How Mindfulness Impacts our Lives
Mindfulness is about finding ways to be present at the very moment we inhabit. Rather than focusing on a nebulous future or an unchangeable past, we focus only on the now.
For a person such as myself, mindfulness is difficult to practice. My mind pulls in multiple directions at any given time. I am the sort of person who cannot just sit and watch a TV show or movie (at home) and not be on my phone working on something else. I live for multi-tasking. If I am sitting “idle,” I could be doing something productive with that time even if it’s catching up on the news or latest social media trend.

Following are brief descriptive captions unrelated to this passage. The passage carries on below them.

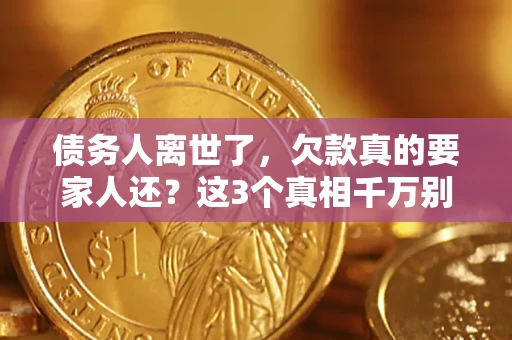 济南债务人离世了，欠款真的要家人还？这3个真相千万别弄错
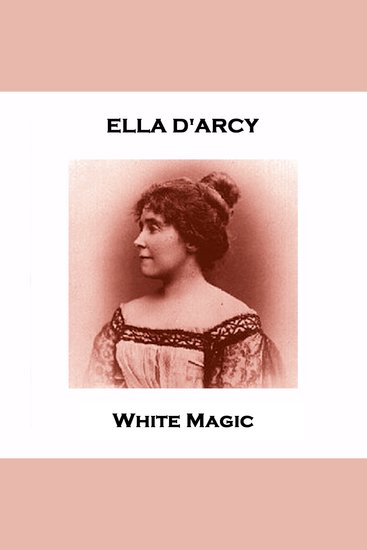 White Magic - From their pens to your ears genius in every story - cover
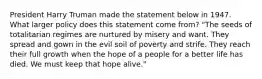 President Harry Truman made the statement below in 1947. What larger policy does this statement come from? "The seeds of totalitarian regimes are nurtured by misery and want. They spread and gown in the evil soil of poverty and strife. They reach their full growth when the hope of a people for a better life has died. We must keep that hope alive."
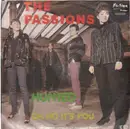 7'' - The Passions - Hunted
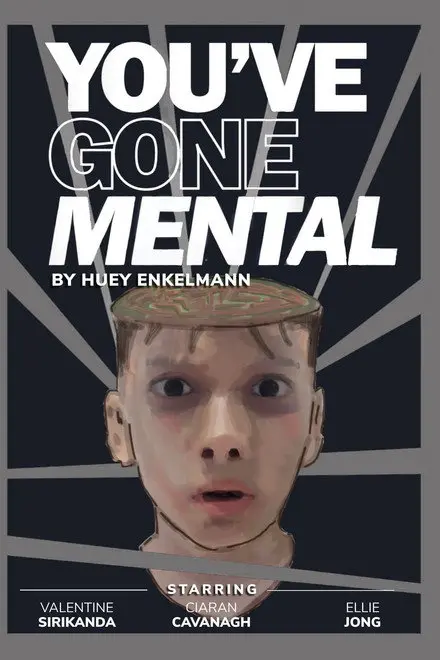 You Ve Gone Mental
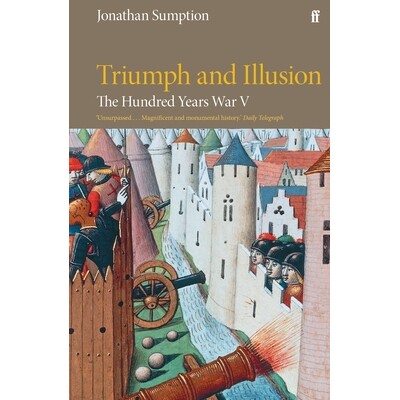 现货 百年战争5 胜利与幻象 Jonathan Sumption 英文原版 The Hundred Years War Vol 5: Triumph and Illusion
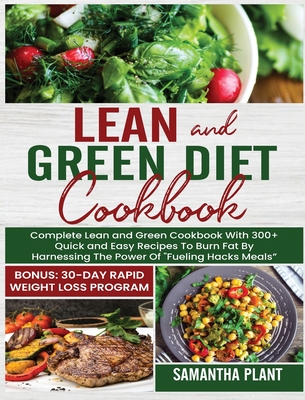 Lean and Green Diet Cookbook: Complete Lean and Green Cookbook With 300+ Quick and Easy Recipes To Burn Fat By Harnessing The Power Of "Fueling Hacks Meals" Bonus: 30-Day Rapid Weight Loss Program - Plant, Samantha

When I sit down to practice mindfulness, I confront all the thoughts I’ve pushed aside throughout the day. Something I said three days ago, why haven’t I started that task that’s due tomorrow? Focusing solely on the moment feels impossible sometimes. But it does not need to be a long, drawn-out meditative task that we are led to believe (unless you want it to be).
That’s where I would always get hung up on the practice. I had to sit for five to ten minutes, focusing on the moment. An exercise such as that is useful, but untenable if you need a quick mindfulness check while sitting in traffic.

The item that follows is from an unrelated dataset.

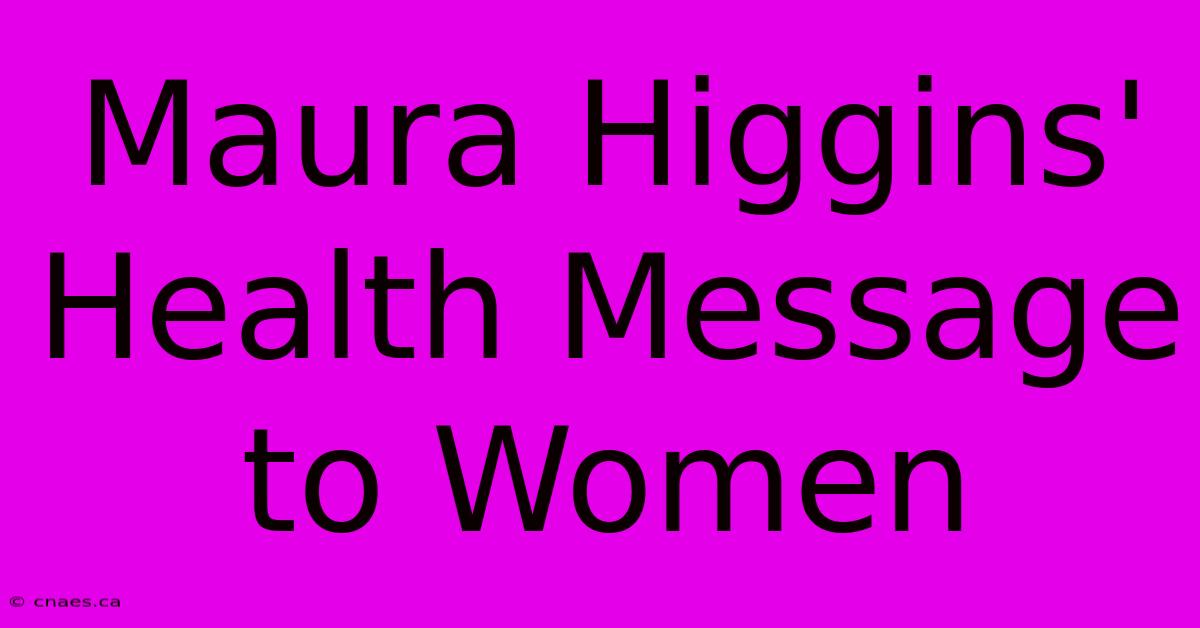 Maura Higgins' Health Message To Women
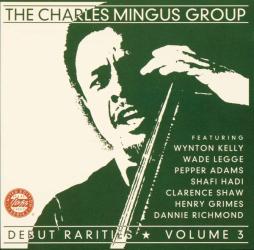 Debut Rarities - Volume 3 di Charles Mingus - CD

Think of mindfulness as putting temporary blinders on. When your doubts get so overwhelming, take a few seconds to breathe, and push out all thoughts of your past concerns and future worries out of your mind. Remove the distractions preventing you from taking the steps you know you want to make and realize only the current moment matters.

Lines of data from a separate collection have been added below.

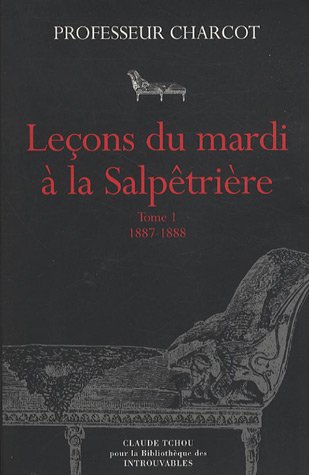 Leçons du mardi à la Salpêtrière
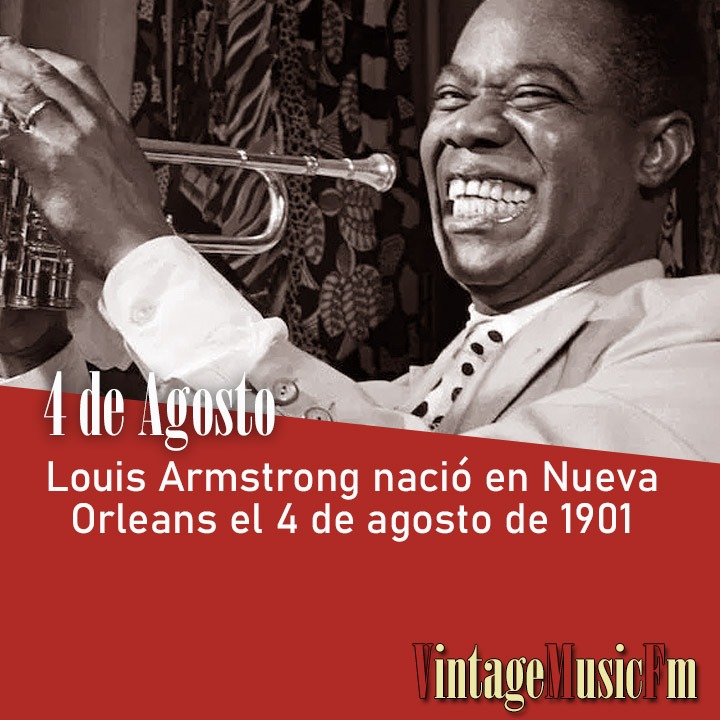 Louis Armstrong nació en Nueva Orleans el 4 de agosto de 1901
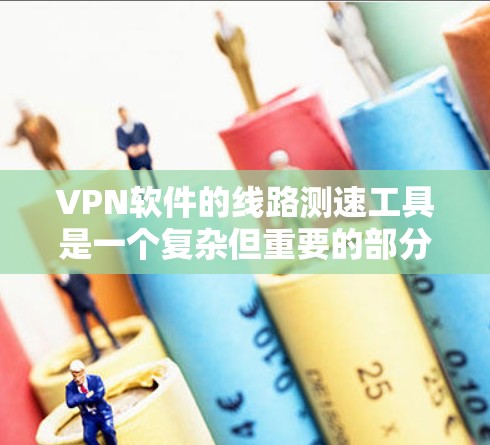 VPN软件的线路测速工具是一个复杂但重要的部分，涉及多个概念和知识。以下是对这些工具和概念的详细说明
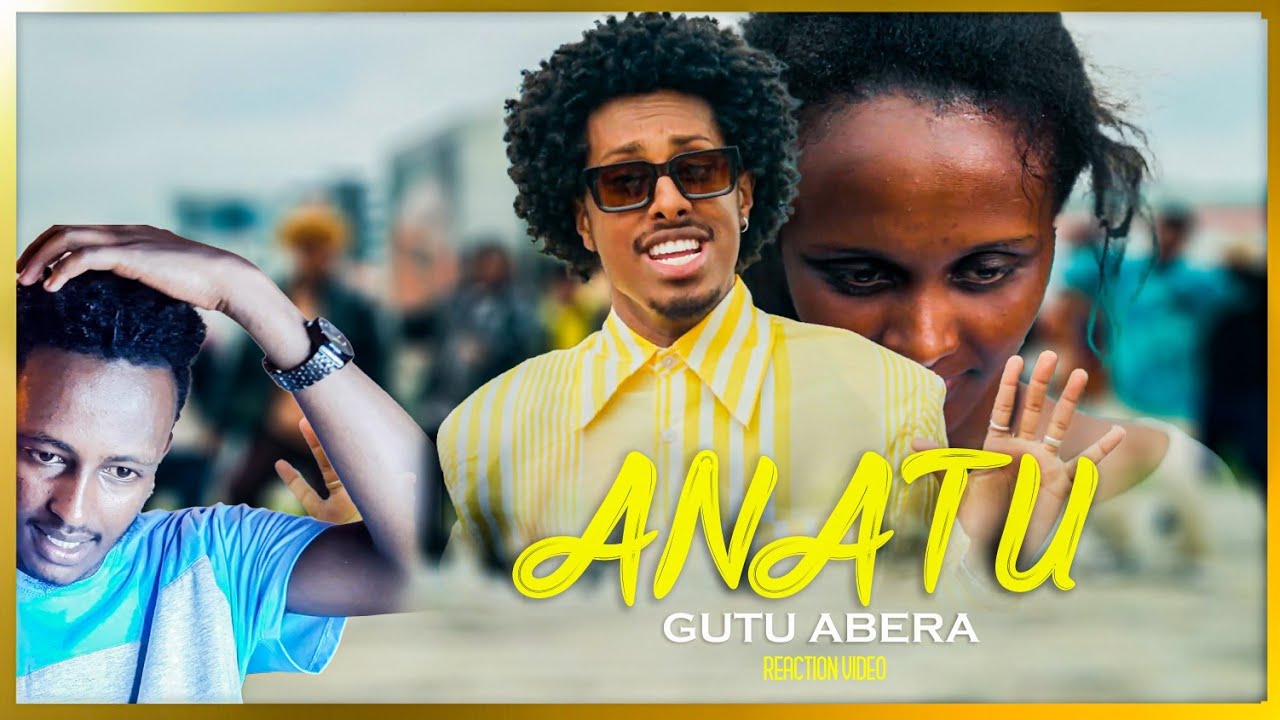 Anatu Gutu Abera - New Ethiopian Oromo Misic 2023 ( Reaction Video)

If you are starting something new, or feeling overwhelmed by your chronic illness, being mindful will help you gain the clarity that comes from being singularly focused. It allows you the chance to take life one step at a time so you can catch your breath and say, “I can do this.”
Mindfulness as a Coping Tool
Mindfulness is an ideal tool to combat self-doubt because you have to live in the moment. Most of our doubt stems from previous experiences informing current concerns, or future worries preventing us from taking a significant leap.
Sitting within the moment, rejects past baggage or future concerns. As soon as we bring up a previous failure, we are no longer in the current moment. Or when we focus on a potential roadblock in the future, we are out of the moment.
Mindfulness creates a blank slate for us to work and build on. We have no room for insecurities or restrictions at the moment. Logistics come after the mindfulness exercise is over. If you want to walk a 5k and MS makes walking challenging, mindfulness allows us the chance to say, “I can do it, despite my difficulties.” Then we work backward from that goal to figure out how we can achieve it.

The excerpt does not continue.